Depuis le « dieselgate », le diesel souffre d’un net rejet. Pourtant, il représente encore la moitié des ventes de véhicules neufs en Europe, car il reste pertinent sur les parcours annuels qui dépassent les 25000 kilomètres.
Le chiffre a de quoi interpeller. Tous segments confondus, le diesel représente encore la moitié des ventes d’automobiles et de camionnettes neuves en Europe. Pour les flottes d’entreprise, sa part s’envole et s’établit à 66 %. Ces statistiques ont été publiées fin 2017 par le loueur longue durée Arval, dans le cadre d’un ­Livre blanc sur l’avenir du diesel.

Eric Gibory dans son article souligne les raisons de la mise en cause du Diesel, notamment pour ses rejets de particules fines et d’oxydes d’azote (NOx) et l’impact de la pollution locale sur la santé. Conséquences : le diesel recule nettement dans les ventes de véhicules neufs en France, avec une baisse nette de  -32,4% dans les entreprises. Une tendance qui va s’accentuer selon Laurent Petizon directeur général de l’antenne parisienne du cabinet de conseil AlixPartners, interrogé dans l’article  qui estime que la part du diesel passera à 16% en 2025 et à 4% en 2030.

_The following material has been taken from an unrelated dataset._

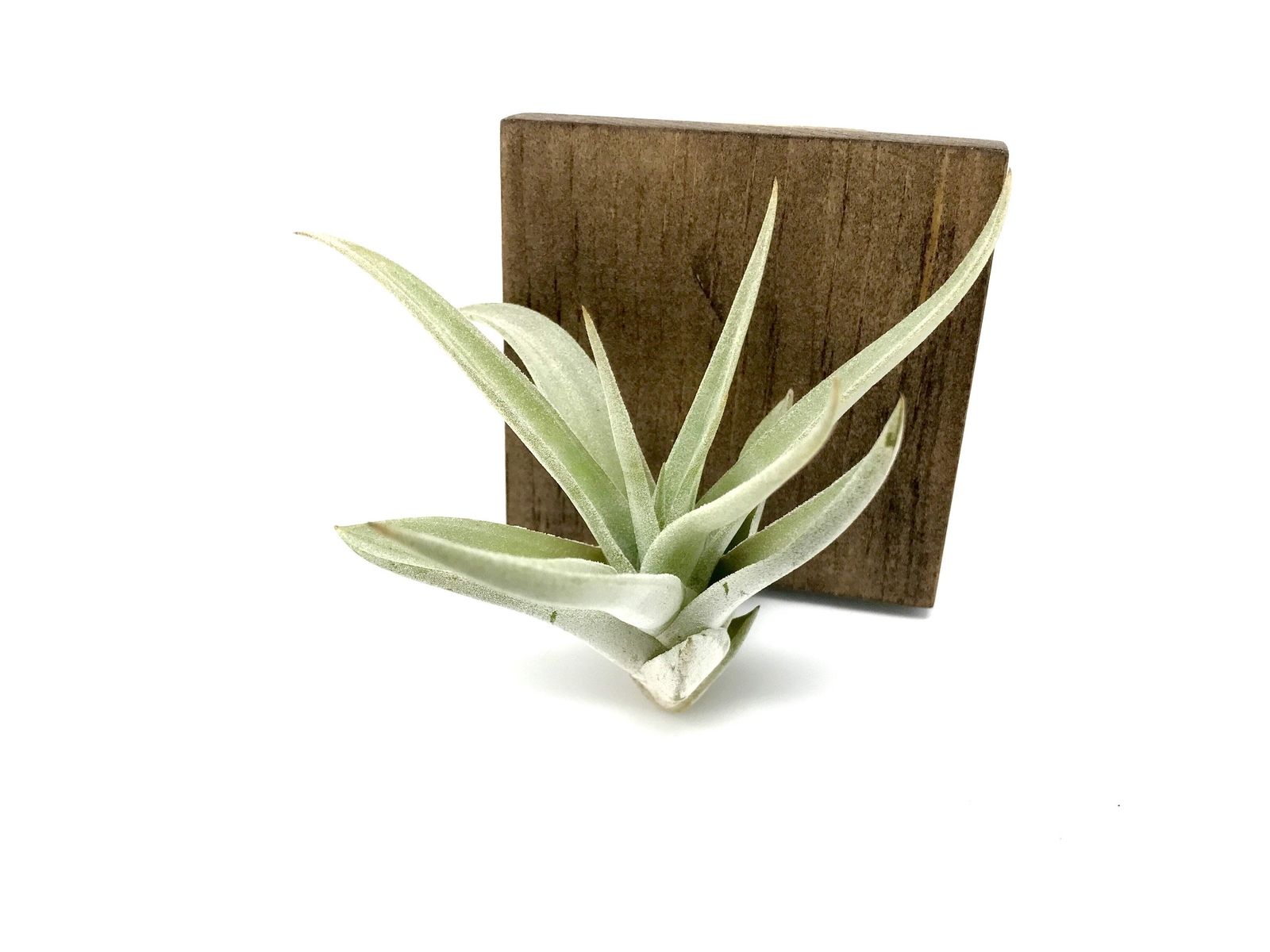 Harrisii Air Plant (Easy Care, Beginner Friendly Plant)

Eric Gibory indique également l’importance  de fortes incitations fiscales ou des mesures discriminatoires pour faire évoluer les comportements des acheteurs :
« le gouvernement doit faire le choix entre deux fléaux. En revenant sur les avantages fiscaux du diesel, il favorise l’essence. Tandis que le premier consomme moins de carburant et émet moins de gaz à effet de serre, le second rejette moins de polluants atmosphériques.L’arbitrage se complique quand les derniers moteurs diesel émettent de moins en moins de particules fines et d’oxydes d’azote et quand l’essence en rejette davantage pour arriver à limiter sa consommation et ses émissions de CO2 »

Ce basculement du diesel vers l’essence se fera progressivement, du fait du rééquilibrage des prix à la pompe vis à vis de l’essence, la récupération de la TVA sur l’essence. Seulement holson estime que le budget automobile total du diesel demeure plus compétitif que celui de l’essence dans des proportions qui vont de 15 % à 30 %. Et plus les kilométrages annuels sont importants, plus l’écart se creuse.

Et le journaliste de conclure d’après une étude du cabinet KPMG auprès de 900 dirigeants  : dans cinq ans, diesel et essence représenteront encore le quart du marché. Pour la moitié de ces dirigeants,
le gazole reste pertinent sur les plans technologique et économique, quand les parcours annuels dépassent les 25 000 à 30 000 kilomètres. Le diesel n’a pas dit son dernier mot.